Ed gets the gauntlet
The politicians are not here, but the G77 group of 130 developing countries is keen to send a message to the UK energy and climate change secretary, Ed Miliband. Ambassador Di-Aping Lumumba of Sudan, chair of the group, is clearly amused by Ed's statement in the Guardian earlier this week that the talks are "too important to be left to the formal negotiators". Lumumba said: "Britain are not the bad guys here. I would say the current British government just lacks the resolve. The challenge now starts with Ed Miliband. Either you are the one to direct here, or you are a general whose troops do not address your will." Quite a few people in the Foreign Office and even the cabinet probably know Lumumba, because he used to work for McKinsey and has an Oxford doctorate.
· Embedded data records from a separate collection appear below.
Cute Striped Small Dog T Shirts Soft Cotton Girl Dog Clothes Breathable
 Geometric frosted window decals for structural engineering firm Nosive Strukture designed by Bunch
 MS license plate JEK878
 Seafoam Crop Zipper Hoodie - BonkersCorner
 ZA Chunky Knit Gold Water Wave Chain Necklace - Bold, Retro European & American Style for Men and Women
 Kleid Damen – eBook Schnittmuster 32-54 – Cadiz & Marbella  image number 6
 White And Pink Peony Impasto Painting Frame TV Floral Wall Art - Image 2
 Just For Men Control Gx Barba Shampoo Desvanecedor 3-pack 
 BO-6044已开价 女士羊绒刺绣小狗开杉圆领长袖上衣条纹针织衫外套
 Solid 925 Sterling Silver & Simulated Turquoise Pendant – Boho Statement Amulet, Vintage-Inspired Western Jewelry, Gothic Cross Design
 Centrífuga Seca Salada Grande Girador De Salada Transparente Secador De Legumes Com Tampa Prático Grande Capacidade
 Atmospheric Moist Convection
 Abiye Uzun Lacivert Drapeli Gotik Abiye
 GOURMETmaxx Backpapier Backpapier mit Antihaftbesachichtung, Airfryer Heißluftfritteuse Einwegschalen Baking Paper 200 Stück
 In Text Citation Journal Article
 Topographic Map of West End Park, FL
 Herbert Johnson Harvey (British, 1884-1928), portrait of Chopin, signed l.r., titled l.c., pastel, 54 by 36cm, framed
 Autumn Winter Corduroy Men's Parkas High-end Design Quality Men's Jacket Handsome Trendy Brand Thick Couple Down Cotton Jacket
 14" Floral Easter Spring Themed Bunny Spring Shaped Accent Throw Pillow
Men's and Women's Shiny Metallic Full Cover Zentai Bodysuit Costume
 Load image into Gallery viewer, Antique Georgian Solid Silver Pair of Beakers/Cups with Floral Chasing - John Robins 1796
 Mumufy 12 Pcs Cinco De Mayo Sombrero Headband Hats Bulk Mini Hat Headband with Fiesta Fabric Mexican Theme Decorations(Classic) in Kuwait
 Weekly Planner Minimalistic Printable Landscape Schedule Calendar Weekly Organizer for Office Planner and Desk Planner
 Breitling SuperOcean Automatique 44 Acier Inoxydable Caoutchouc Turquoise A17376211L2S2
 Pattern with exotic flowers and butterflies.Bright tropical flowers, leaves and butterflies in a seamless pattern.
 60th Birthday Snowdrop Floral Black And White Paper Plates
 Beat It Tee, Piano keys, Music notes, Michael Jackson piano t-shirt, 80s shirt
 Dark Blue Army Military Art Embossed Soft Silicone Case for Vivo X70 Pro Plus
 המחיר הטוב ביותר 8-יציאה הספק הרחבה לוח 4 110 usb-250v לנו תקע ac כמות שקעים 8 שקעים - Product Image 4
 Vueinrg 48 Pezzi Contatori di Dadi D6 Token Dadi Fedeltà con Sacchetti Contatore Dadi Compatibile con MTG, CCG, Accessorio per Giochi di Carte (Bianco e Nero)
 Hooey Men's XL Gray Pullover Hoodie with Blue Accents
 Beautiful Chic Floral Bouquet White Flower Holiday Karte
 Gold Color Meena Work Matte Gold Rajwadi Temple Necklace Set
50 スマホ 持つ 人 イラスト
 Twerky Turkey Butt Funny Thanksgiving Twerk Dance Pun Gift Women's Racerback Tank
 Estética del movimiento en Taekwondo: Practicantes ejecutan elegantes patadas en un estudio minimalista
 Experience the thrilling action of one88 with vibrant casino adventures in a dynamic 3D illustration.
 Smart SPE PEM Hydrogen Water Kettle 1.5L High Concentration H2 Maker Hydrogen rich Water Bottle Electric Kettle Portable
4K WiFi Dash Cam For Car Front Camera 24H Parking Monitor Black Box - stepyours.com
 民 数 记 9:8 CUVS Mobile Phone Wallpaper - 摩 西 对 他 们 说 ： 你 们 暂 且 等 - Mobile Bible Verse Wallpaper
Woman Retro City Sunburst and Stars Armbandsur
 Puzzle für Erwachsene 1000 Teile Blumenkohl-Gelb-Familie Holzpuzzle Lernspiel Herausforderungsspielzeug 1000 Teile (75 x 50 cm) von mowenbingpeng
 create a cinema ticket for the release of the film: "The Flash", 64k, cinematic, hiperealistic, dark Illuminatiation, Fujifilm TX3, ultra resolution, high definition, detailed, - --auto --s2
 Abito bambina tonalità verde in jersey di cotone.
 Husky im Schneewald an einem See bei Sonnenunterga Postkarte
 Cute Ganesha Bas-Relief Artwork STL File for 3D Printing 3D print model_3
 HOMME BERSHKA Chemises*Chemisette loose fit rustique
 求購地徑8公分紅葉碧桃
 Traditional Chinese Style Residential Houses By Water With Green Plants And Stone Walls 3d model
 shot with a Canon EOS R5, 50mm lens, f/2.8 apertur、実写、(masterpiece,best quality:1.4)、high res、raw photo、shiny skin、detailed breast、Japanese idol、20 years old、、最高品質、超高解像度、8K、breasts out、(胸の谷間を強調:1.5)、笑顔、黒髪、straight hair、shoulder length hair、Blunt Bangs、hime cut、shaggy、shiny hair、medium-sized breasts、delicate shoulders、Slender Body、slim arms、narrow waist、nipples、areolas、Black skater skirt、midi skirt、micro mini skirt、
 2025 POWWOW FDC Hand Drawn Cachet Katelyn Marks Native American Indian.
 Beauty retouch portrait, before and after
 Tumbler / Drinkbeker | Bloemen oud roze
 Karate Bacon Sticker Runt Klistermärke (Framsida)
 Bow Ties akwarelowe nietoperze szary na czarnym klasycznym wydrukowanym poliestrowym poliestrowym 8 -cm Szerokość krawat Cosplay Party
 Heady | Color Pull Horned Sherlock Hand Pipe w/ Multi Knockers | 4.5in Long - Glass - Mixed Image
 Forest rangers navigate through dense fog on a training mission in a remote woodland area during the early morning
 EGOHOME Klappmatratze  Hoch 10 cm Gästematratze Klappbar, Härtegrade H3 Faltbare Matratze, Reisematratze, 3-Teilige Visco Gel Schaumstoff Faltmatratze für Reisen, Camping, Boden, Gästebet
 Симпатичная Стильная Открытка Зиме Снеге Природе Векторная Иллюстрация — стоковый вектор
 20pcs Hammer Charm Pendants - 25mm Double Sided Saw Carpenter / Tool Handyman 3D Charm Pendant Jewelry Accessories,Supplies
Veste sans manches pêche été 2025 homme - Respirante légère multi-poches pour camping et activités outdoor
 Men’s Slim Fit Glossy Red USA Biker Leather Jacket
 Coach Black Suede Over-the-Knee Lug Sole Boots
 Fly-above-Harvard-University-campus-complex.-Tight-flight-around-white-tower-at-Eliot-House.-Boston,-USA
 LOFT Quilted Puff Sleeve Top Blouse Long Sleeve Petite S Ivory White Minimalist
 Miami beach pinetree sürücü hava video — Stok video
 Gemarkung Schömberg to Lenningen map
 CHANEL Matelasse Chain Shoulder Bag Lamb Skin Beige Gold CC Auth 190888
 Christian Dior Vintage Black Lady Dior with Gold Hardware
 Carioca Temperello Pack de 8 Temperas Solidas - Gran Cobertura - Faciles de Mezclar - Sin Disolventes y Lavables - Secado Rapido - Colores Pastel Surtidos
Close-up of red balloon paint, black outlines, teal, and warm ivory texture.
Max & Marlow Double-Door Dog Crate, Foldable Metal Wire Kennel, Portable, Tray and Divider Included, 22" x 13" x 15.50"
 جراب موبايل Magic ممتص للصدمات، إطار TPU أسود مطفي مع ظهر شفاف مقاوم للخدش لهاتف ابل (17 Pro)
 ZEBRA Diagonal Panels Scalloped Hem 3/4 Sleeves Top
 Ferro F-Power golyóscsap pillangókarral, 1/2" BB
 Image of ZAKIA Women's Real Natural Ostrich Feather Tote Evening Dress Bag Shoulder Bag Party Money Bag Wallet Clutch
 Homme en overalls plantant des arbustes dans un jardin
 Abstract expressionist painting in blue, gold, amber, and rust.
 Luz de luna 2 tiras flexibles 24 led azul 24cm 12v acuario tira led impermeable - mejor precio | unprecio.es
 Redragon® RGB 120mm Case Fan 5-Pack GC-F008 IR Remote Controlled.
But that doesn't stop him pointing the finger at the west: "Developed countries are driven here by national interests and are being pulled by very small lobby groups, and the result is no progress and a race to the bottom."
At last, some ambition
At least Norway is showing real leadership. Yesterday it came up with proposals to increase its emission cuts to 30-40% – the most ambitious target of all developed countries and what the Intergovernmental Panel on Climate Change (IPCC) says is needed if we are to avoid more than a 2C rise in temperature. The talks have, so far, failed to extract any other pledges from rich countries. That leaves Annex 1 (industrialised) countries promising just 13-21% cuts, if you exclude the tentative US proposal, and a meagre 11-18% with it.
A very diplomatic row
There's restrained diplomatic fury in the halls here over rich countries' moves to bail out of the existing Kyoto protocol in favour of a brand-new, weaker agreement that the US – and countries including Canada and Russia – would prefer. NGOs of all hues are piling in behind the G77 countries to try to save the Kyoto protocol. Oxfam accused rich countries of not just trying to change the rules of the game, but trying to change the game itself. "Fifteen years ago, rich countries agreed they would take the lead. In 2007 in Bali, they reaffirmed their commitments would be greater than developing countries. But here they are trying to force the G77 and China to take actions that would be unfair considering the gaping hole in rich country commitments," stormed Antonio Hill, Oxfam's senior climate adviser. The WWF piled in with a cunning plan to keep Kyoto alive with a second parallel treaty that would cover future US and developing country emissions. Which is fine, except for the fact that the poorest countries might not all agree to being in the same room as the US.
No country is an island
Britain has gone out of its way in its climate change preparations to help the weakest countries, even going as far as setting up a separate political grouping of 20 "most vulnerable" nations, mostly small Caribbean and Pacific island states that stand to go under with any sea level rises. But is there low political intent behind this? The word in the Bangkok bars is that this is a sophisticated way to split the quarrelsome but so far united G77 countries at the end of the talks when the politicians fly in, the horse-trading starts and the promises of aid and development cash are made. Countries such as India and South Africa are angry at not being included as vulnerable ("Do we not bleed too?" asked one diplomat).
Maldives meeting
Can Miliband swim? The question arises because there is idle, unconfirmed chatter in Bangkok that Britain intends to convene a November meeting in the Maldives of all the heads of states of the vulnerable countries to prepare their positions – and perhaps their cheques – before Copenhagen. The Maldives cabinet has been practising its diving skills for a meeting underwater later this month. If the British gathering goes ahead in November, too, politicians should maybe pack their wetsuits.